Hi,
I'm a FPGA designer and this new project is challenging for me because it has to deal with ACP port and L2 Cache of the ARM core of the Zynq FPGA device !
So it's new and I guess will need some touchy software, so any help, advice or C examples would be great !
What I need to do is :
- Periodically the PL part has to store using the ACP port a fixed amount of data at a fixed address in the L2 cache provided by software
- Each time the data has been updated in the L2 cache the software will get the data to use them.
- The L2 cache is supposed to be the "storage memory" and so, if possible, I don't want to have the physical cachable memory associated to this ! (If really needed I can create a "phantom" address section in the PL, meaning I can response to the AXI access but without the physical memory)
Context:
- No DDR available,
- Single core Zynq Cortex A9 device,
- Software executes from OCM
For now I have the following information :
- (Zynq TRM ) ACP coherent write requests: An ACP write request is coherent when AWUSER[0] = 1 and AWCACHE[1] =1 alongside AWVALID. In this case, the SCU enforces coherency.

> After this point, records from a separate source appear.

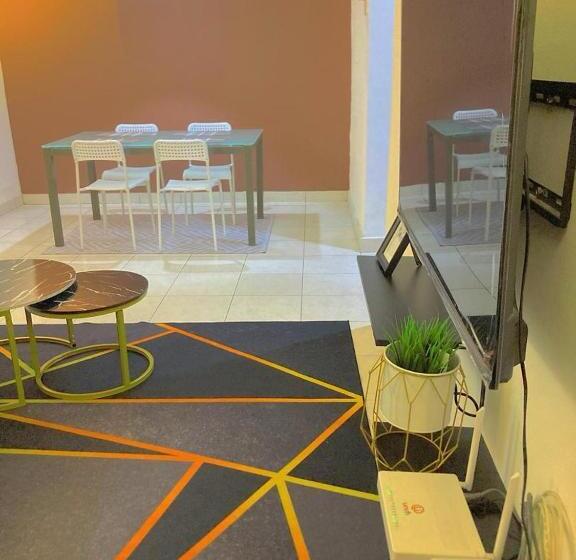 پانسیون Nr Cyberstay 1 Shared Apartment, Non Sharing Bathroom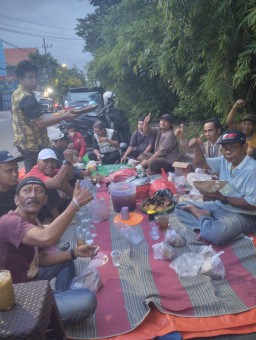 Komunitas Piston Bersama Paguyuban Pokal Giat Bagi Takjil, Bukber Bersama di Bulan Suci Ramadhan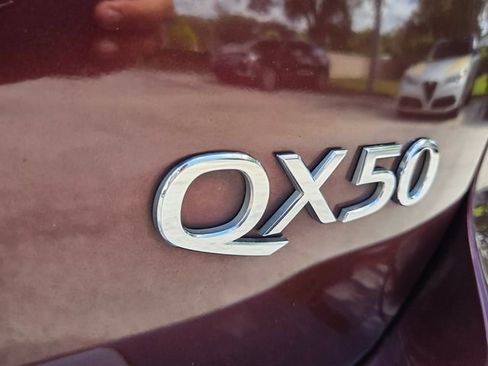 Used 2016 INFINITI QX50 2WD w/ Deluxe Touring Package image 16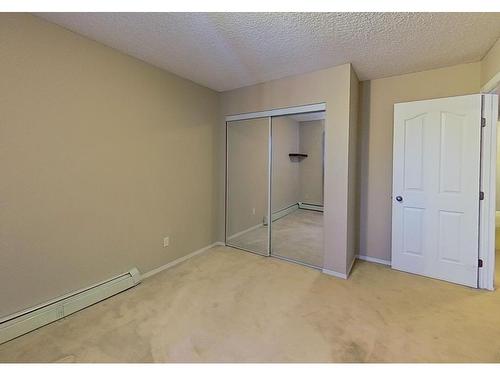 215 17459 98A Avenue, Edmonton, AB - Indoor Photo Showing Other Room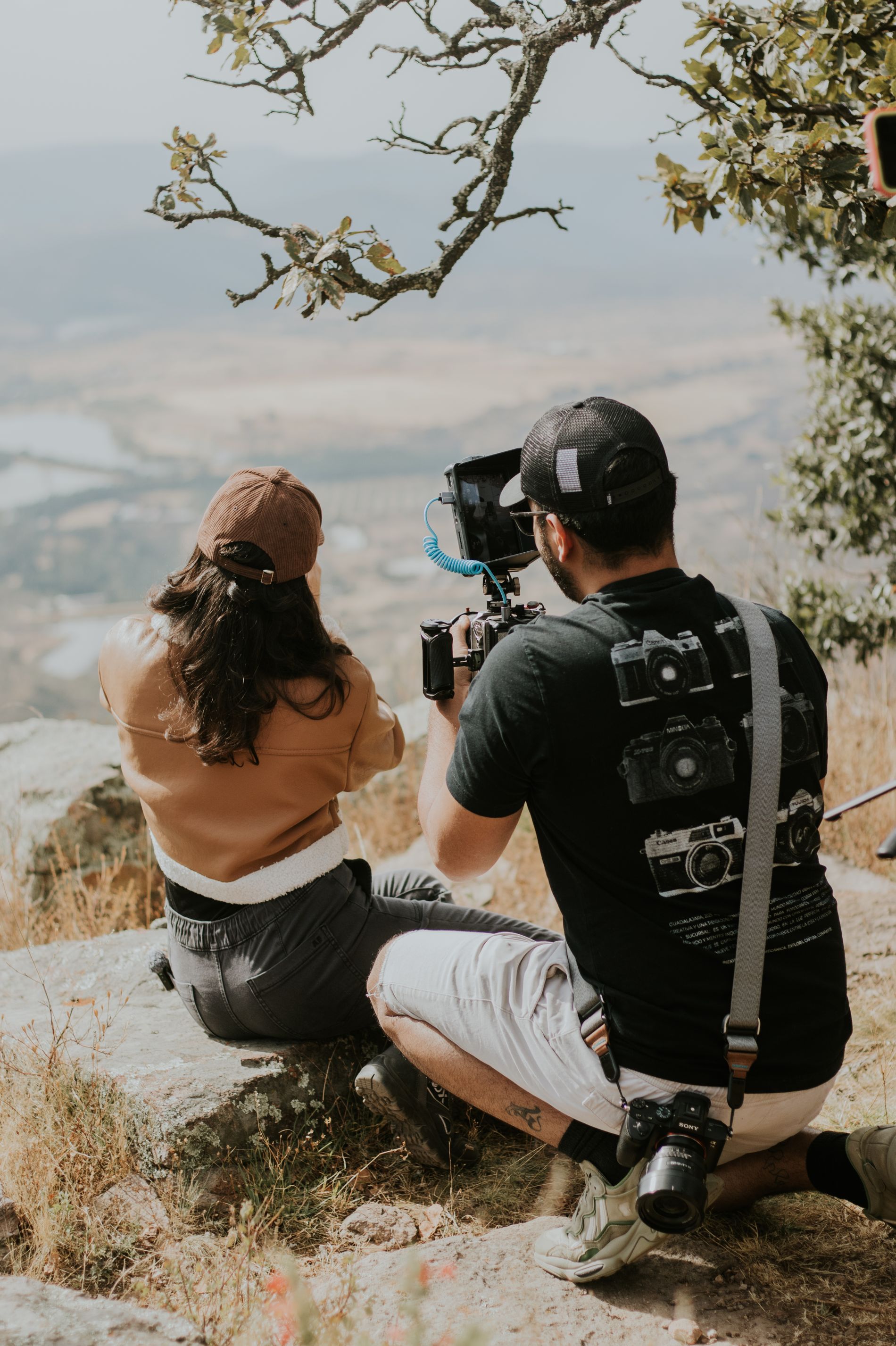 Équipe de production audiovisuelle travaillant en extérieur par une journée lumineuse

When the data is present in one of the Cortex-A9 processors, the data is first cleaned and invalidated from the relevant CPU. When the data is not present in any of the Cortex-A9 processors, or when it has been cleaned and invalidated, the write request is issued on one of the SCU AXI master ports, along with all corresponding AXI parameters with the exception of the locked attribute.

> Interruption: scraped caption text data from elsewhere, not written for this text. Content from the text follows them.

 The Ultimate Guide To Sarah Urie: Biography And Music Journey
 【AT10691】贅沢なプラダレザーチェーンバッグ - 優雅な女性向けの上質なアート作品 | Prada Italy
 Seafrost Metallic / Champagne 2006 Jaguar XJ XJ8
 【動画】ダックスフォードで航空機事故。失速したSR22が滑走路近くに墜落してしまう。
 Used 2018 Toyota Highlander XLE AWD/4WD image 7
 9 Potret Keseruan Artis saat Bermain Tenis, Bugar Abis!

Note: The transaction can optionally allocate into the L2 cache if the write parameters are set accordingly.
=> What I understand is that :
- The Data will be written in both the L2 cache and onto the destination to the physical memory, because of SCU coherency ? Or coherency only means the SCU will update the cache status for the associated line ?
- if yes does this means I have to use an allocate definition with AwCACHE value with write-allocate to have the data also written in L2 cache ?

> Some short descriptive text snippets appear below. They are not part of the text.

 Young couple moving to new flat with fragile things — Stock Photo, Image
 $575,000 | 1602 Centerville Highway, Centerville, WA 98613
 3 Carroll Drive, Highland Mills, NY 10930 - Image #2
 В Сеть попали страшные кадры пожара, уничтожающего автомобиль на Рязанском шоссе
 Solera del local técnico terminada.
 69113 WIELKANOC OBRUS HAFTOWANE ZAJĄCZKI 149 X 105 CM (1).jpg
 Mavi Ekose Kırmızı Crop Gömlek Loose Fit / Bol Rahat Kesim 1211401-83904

- I can eliminate the physical update step if I use the lock attribute, => meaning using ACP AwLock signal ? meaning software locking of the associated L2 cache section ?
Questions :
- In the software how do I "request" the storage room in the L2 cache ?
- In the software how do I get the address in the L2 cache where the ACP is supposed to write ?
- In the software what are the configuration actions do I have to do to use the L2 cache in the mode ?
As you can see for now it's pretty confused for me, so any help woud be very great !
Many thanks in advance.
Hello Florian,
Thank you for your answer.
What I did in my design in a first approch is to implement in the FPGA section a physical memory.
So the theorical data path would be :
ACP master in FPGA => SCU in Arm core => L2 Cache in Arm core => Arm core Central Interconnect => Arm core master GP0 AXI port => Memory in FPGA.
This allows me to see for understanding what are the accesses to the back-end memory ! Final theorical goal being having no access to it !!
flongnos said:- no read miss:always write L2 cache before any read to a specific address
=> It should always be the case as software is synchronized to ACP master event to get the data in the L2 cache.
For now I'm studying what ACP access to generate to write to L2 cache !
My best lead is th Zynq TRM :
- ACP coherent write requests: An ACP write request is coherent when AWUSER[0] = 1 and AWCACHE[1] =1 alongside AWVALID. In this case, the SCU enforces coherency. When the data is present in one of the Cortex-A9 processors, the data is first cleaned and invalidated from the relevant CPU. When the data is not present in any of the Cortex-A9 processors, or when it has been cleaned and invalidated, the write request is issued on one of the SCU AXI master ports, along with all corresponding AXI parameters with the exception of the locked attribute.
As I new to cache so text explaination would be needed !
What does this means ?
1- SCU enforces coherency => what does that mean exactly ?
2- When the data is present in one of the Cortex-A9 processors => meaning in L1 cache ? inregisters ? else ?
3- The transaction can optionally allocate into the L2 cache if the write parameters are set accordingly. => what is cache allocation ? why is it optionnal ?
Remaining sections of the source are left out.